In Reply to: Re: rpcman & Robert vs. Tom posted by Boje on September 17, 1999 at 17:34:44:

: The reason that you guys in the creation vs. evolution debate always resort to ad hominem attacks, is that that is the crux of your disagreement with each other. Both sides of the debate have the ulterior motive of rejection of the premises of the other side, despite the apparent attempts to discuss individual aspects of the larger question on their own merits.

: You have both dismissed the negative potential outcome of your debate out of hand – from the start.

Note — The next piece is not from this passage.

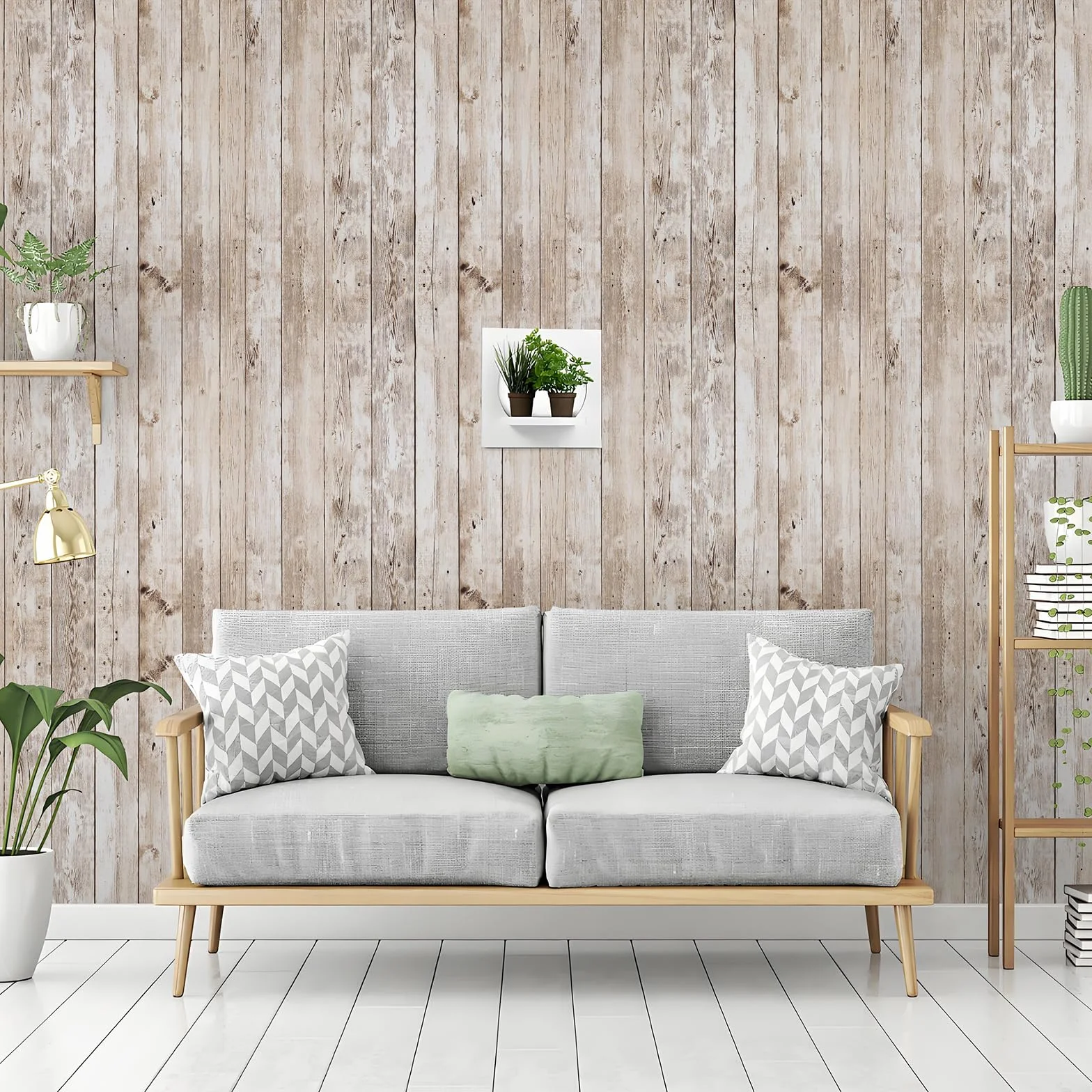FENTIS Papier Peint Effet Bois Vinyle Auto-Adhésif 44.5x500cm Décoratif pour Meubles Muraux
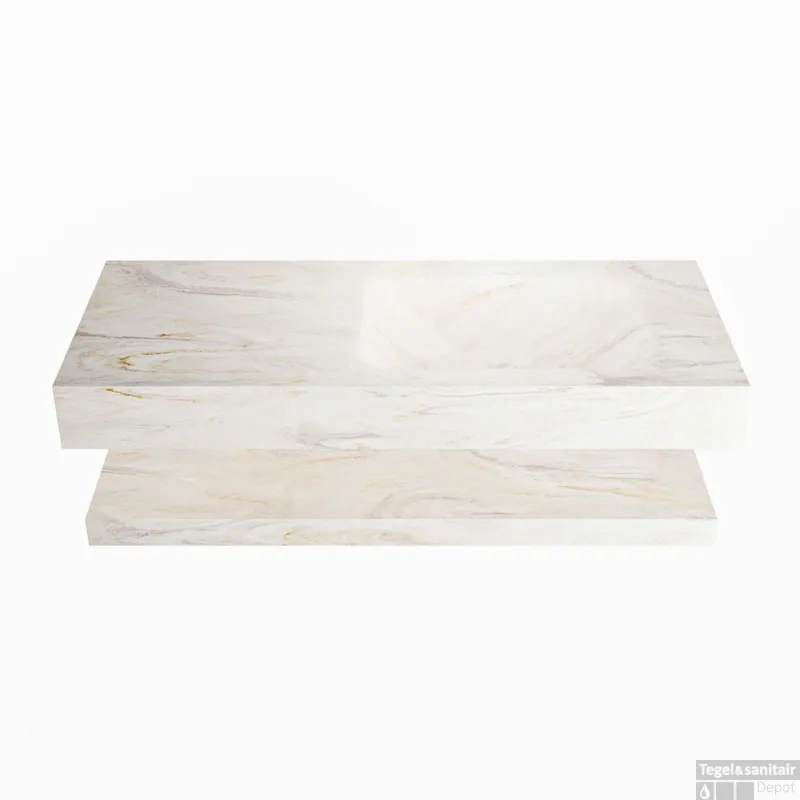 MONDIAZ ALAN-DLUX 110cm planchet Ostra. Vrijhangende wastafel CLOUD rechts zonder kraangat, kleur Ostra. Hoge Kwaliteit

: You have each also predefined the only valid method of determining success from two different directions – one a priori, the other a posteriori; thereby nullifying, before the debate, the claims of the other side.

: Compromise is therefore logically impossible.

: Yet, both sides insist that they are open to counter-proofs from the other. Just a little disingenuous, I’d say.


What you say about the "disingenuous" character of our discussions
could be true, but I would assume that both Robert and I assume that we
are open to refutation. That does not forestall the posibility that we actually
are not at some deeper level. Many evolutionists (William Provine most notably) insist
that there is no free will. Of course if he's right then people cannot truly be open
to counterarguments. (You would think, given the denial of free will by strict Darwinists,
that they would be more tolerant of creationist--who, after all, could not have any choice in the matter.)
The assumption of free will seems to pose a problem for evolutionist belief. If even our thoughts
are deterministic products of natural selection or genetic determination, what confidence can we have
that our Neo-Darwinian convictions are true. The postmodernists who embrace a posture of radical
skepticism are the more consistent Darwinists. Like Nietzsche they recognize that evolution undermines
science as well as religion. Seems paradoxical to draw this conclusion, as Nietzsche did, from a scientific theory.
I suspect that this is what caused science to dry up in antiquity. A too narrow rationalism always leads to skepticism, and that
in turn to solipsism--witness the anti-scientific tencencies of the
ancient sophists. The philosophers who embraced a theistic rationalism--Plato and Aristotle--
maintained the scientific faith.

: I do think that, for unbiased observers, this adversarial process is a pretty good method of seeing ideas presented for the purpose of evaluation. The passions that lead to extreme views are useful in pointing out the weaknesses of both viewpoints.

: That says very little, however, for the sincerity of the debaters’ stated purposes of discovering truth.